Croll’s post discusses the experience of a frequent flier in the premium cabins of United Airlines, and he asks why United did not quickly get in touch when this traveler stopped flying with it. Spotting and reacting to these changes in behavior should be exactly what decent data analysis would permit, but for some reason United didn’t do either of these things. It appears to be missing an opportunity to gain competitive advantage by understanding the behavior of its customers and responding accordingly.

Patil could certainly help United out here, and venture capital firm Greylock Partners seems keen to ensure that its portfolio companies don’t miss such obvious uses of the data they horde. Discussing Patil’s appointment, Greylock partner Reid Hoffman wrote, “Our companies have strong appetites to learn more ways to leverage data as a competitive tool.” Greylock is not alone in spotting the need to understand and gain value from the data being generated by the companies it funds. IA Ventures took a similar step earlier in the summer, appointing Drew Conway as scientist in residence.

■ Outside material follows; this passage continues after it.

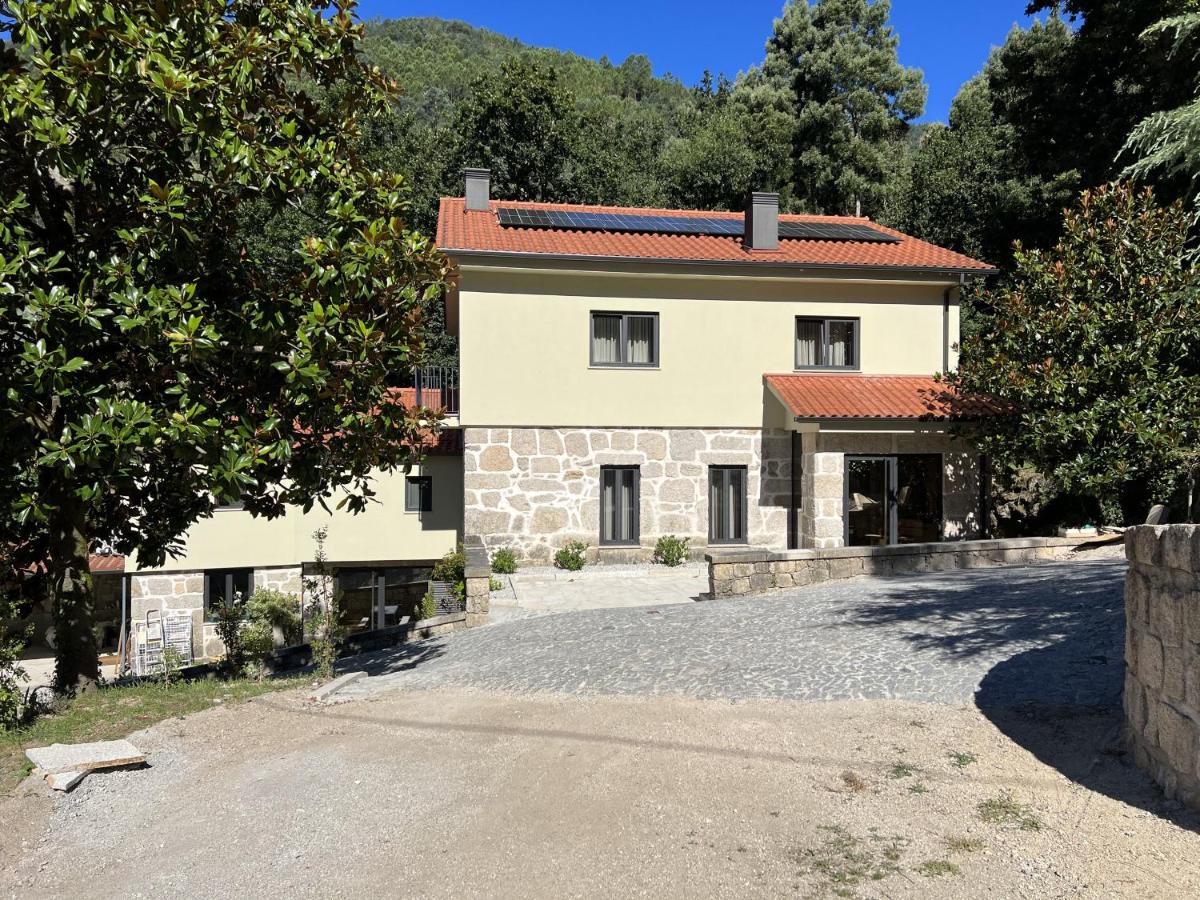 Quinta das Varcandas Gerês Apartamento 3 by Gerês Casas - B&B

Greylock is acting to ensure that its portfolio companies extract as much value as they can from the data they hold. Hoffman and others recognize that timely and effective analysis of data can offer real competitive advantage, even in mature markets like retail. Within Greylock’s portfolio, companies such as Zipcar might analyze data to ensure that its cars are parked in optimal locations, and Cloudera could tailor the products and advice it offers in order to make it even easier for its customers to work with data at scale. Over at Factual, the company is continuing to put the pieces in place to combine data from different sources. With the new Crosswalk API, developers can easily relate U.S. places identified in third-party services such as Foursquare, OpenTable and Yelp.

Factual and other similar data providers have the potential to greatly diminish one of the final barriers to entry for many innovative startups: their need to build large databases and populate them with relevant data that is not the focus of their business. Foursquare, for example, is about users’ sharing its check-ins at locations like Starbucks, not determining where every Starbucks is located. Building and maintaining that database, though, is a necessary (and high) cost of doing business; Factual removes the need for every new Foursquare to build that database from scratch. There are similar opportunities in areas from product data (how many companies store undifferentiating data about the features of the latest televisions or microwaves?) to company details and historical sales figures.

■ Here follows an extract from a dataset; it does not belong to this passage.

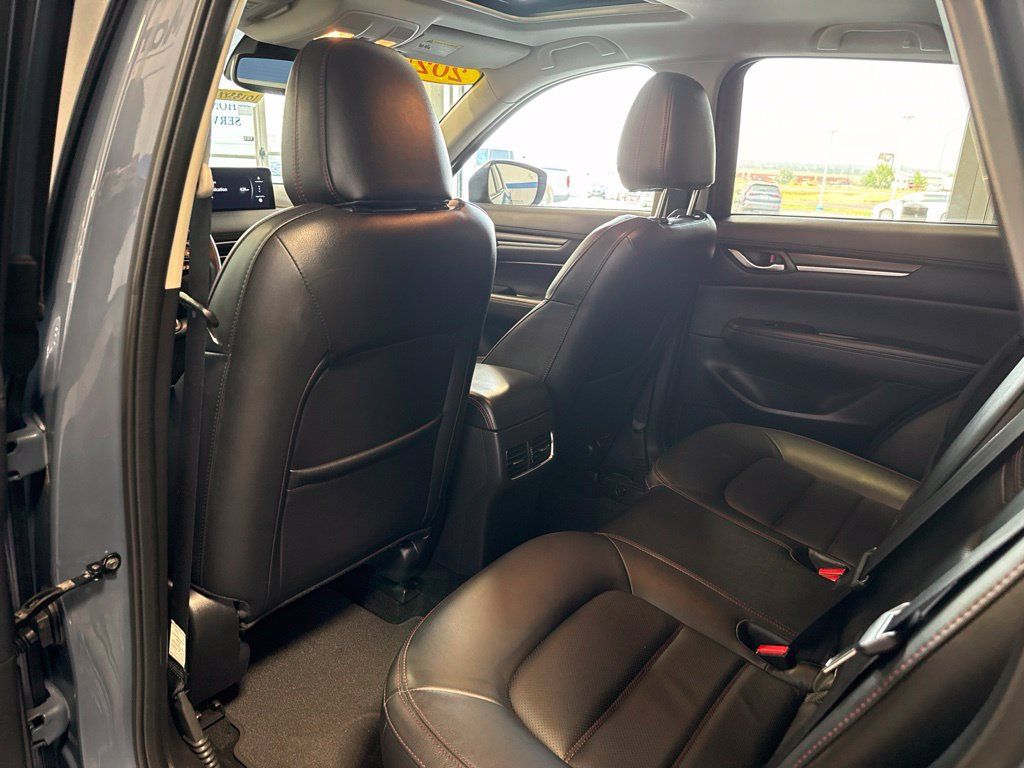 Used 2025 MAZDA CX-5 Carbon Edition AWD/4WD image 21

Companies like United Airlines (and, as I discussed recently, those in the manufacturing sector) are sitting on a gold mine. The timely analysis of data they already own aids customer retention, enables fine-tuning of routes and pricing, and provides insights that might be the difference between profitable growth and going to the wall. Factual is an early example of a company seeking to make data created by other people more usable. Consistent APIs and crosswalks that join silos of incomplete data are critical in preventing the endless re-collection of the same basic facts, freeing both new and old companies to concentrate on creating value rather than rebuilding foundations. DJ Patil, and those like him, bridge the gap between the two, transforming the way traditional companies like United use data and creating opportunities for newcomers like Factual to capitalize upon. Web 3.0, perhaps?

Question of the week

Will data scientists change the ways their employers work with and use big data?